- **Try it**:
For each record, copy the text exactly and omit any picture it holds.

[Brief descriptive captions]
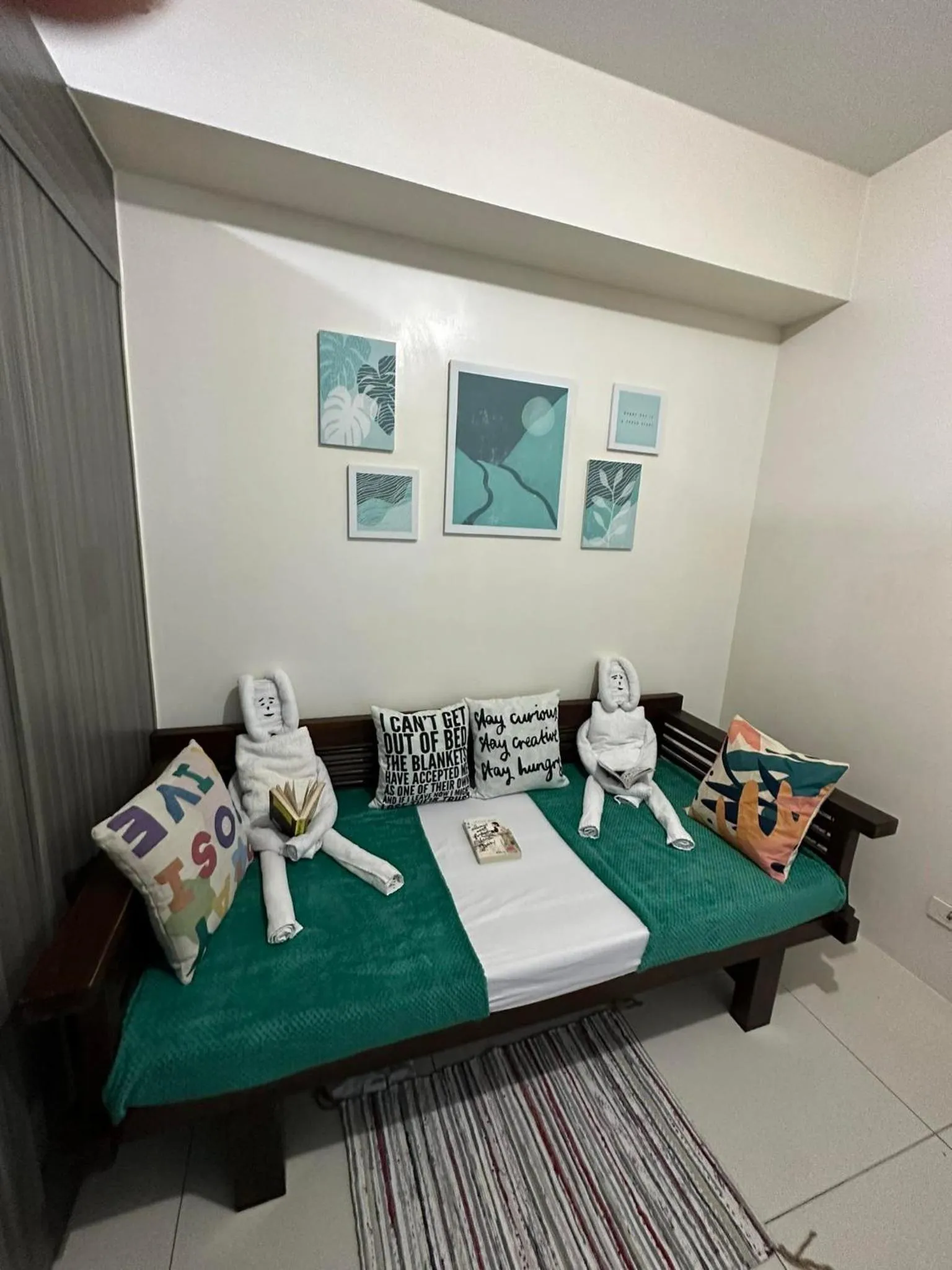 Bed in Green Residences Stays by PBYY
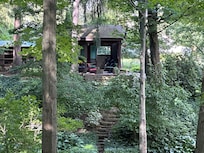 View from trails on property looking at wine shack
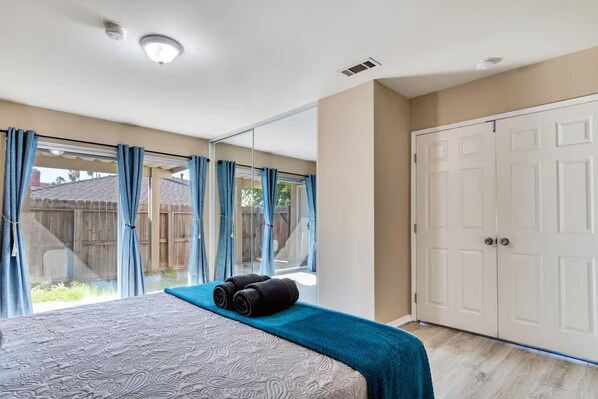 Un dormitorio con una cama grande, una ventana con cortinas, una puerta corredera y vistas al patio trasero.
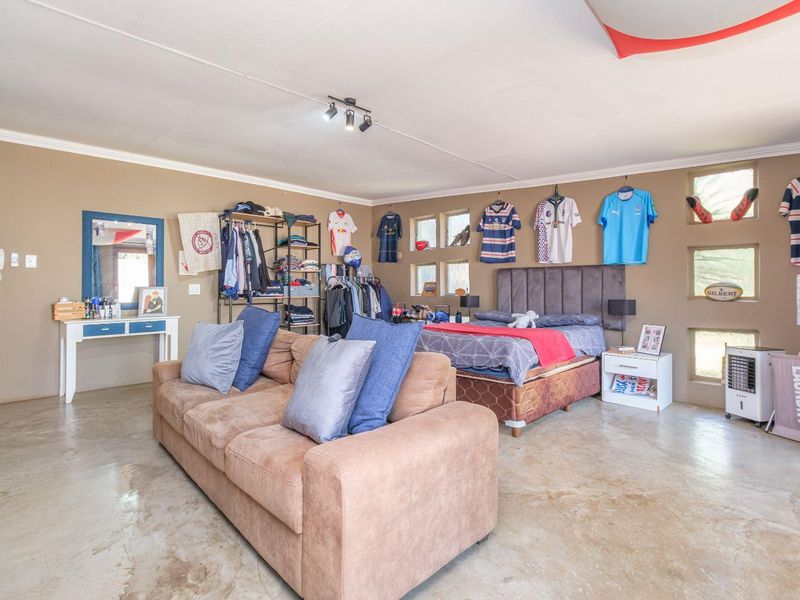 Spacious bedroom featuring polished concrete flooring, track lighting, and multiple small square windows, offering a versatile layout for living and sleeping arrangements.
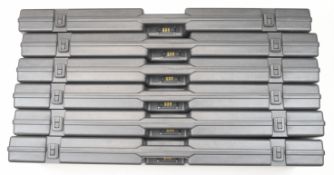 Six ABS shotgun hard carry cases with combination locks.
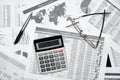 Top view of modern black office desk with notebook, pencil, financial reports and a lot of things. Flat lay table layout Royalty Free Stock Photo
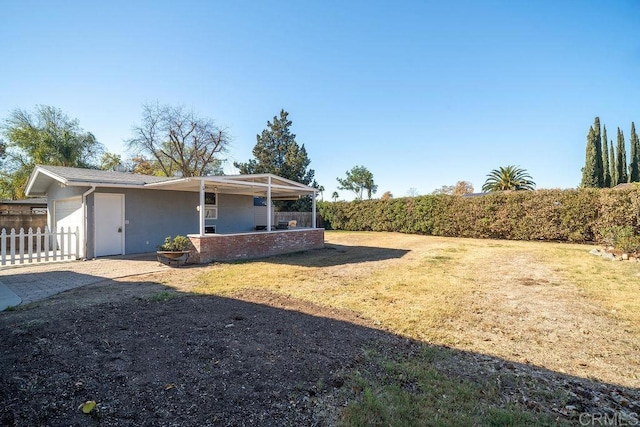 exterior space featuring a front yard and a garage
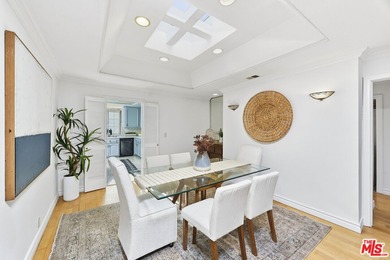 Welcome home to this rarely available top-floor condo offering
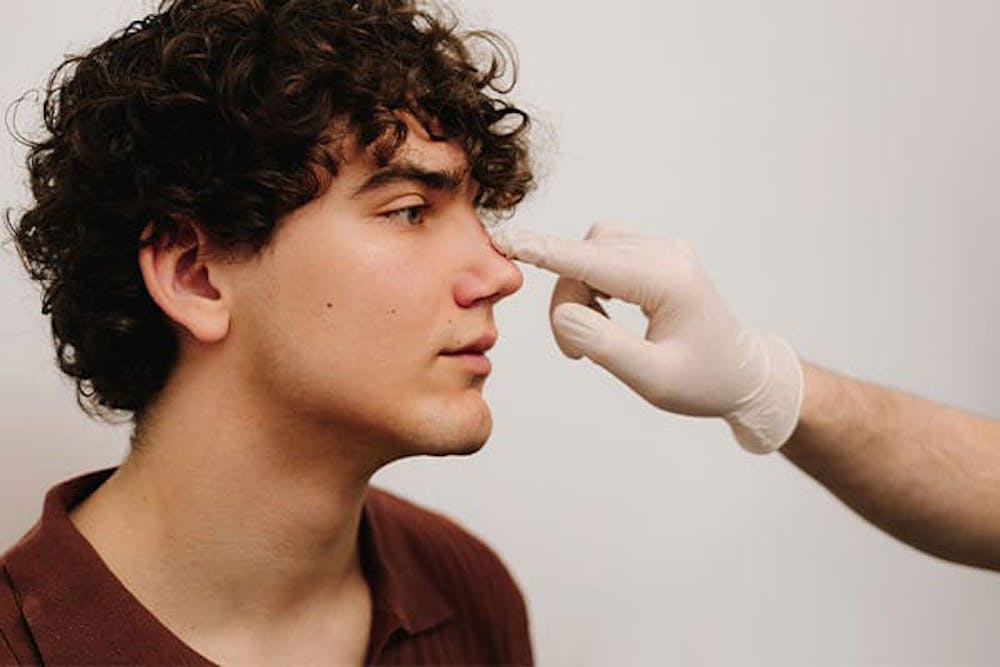 man getting nose surgery inspection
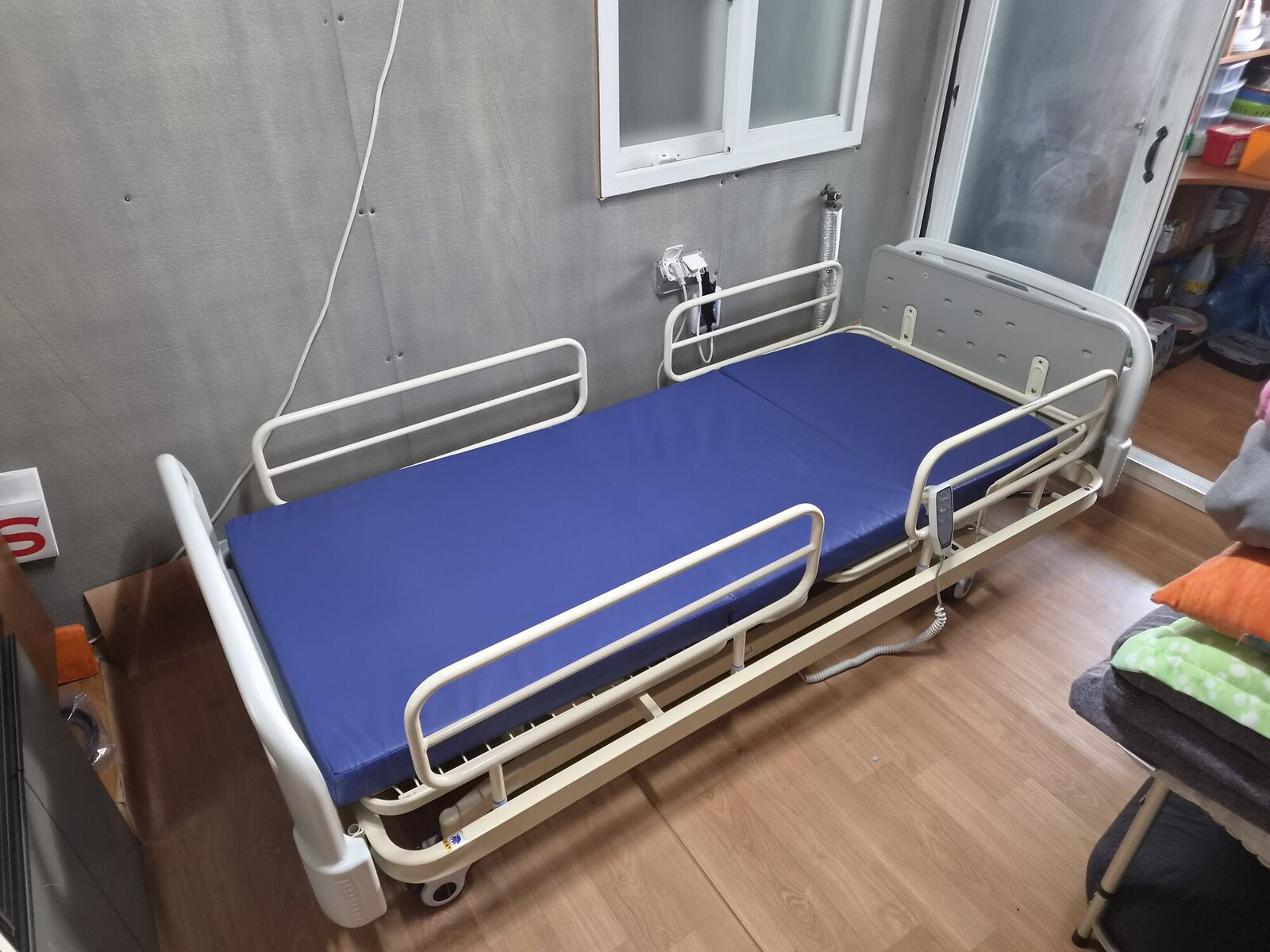 충북 전동침대대여 안내용 참고사진 - 창가 방에 설치된 파란 매트리스 전동침대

- **Response to the task**:
 Bed in Green Residences Stays by PBYY
 View from trails on property looking at wine shack
 Un dormitorio con una cama grande, una ventana con cortinas, una puerta corredera y vistas al patio trasero.
 Spacious bedroom featuring polished concrete flooring, track lighting, and multiple small square windows, offering a versatile layout for living and sleeping arrangements.
 Six ABS shotgun hard carry cases with combination locks.
 Top view of modern black office desk with notebook, pencil, financial reports and a lot of things. Flat lay table layout Royalty Free Stock Photo
 exterior space featuring a front yard and a garage
 Welcome home to this rarely available top-floor condo offering
 man getting nose surgery inspection
 충북 전동침대대여 안내용 참고사진 - 창가 방에 설치된 파란 매트리스 전동침대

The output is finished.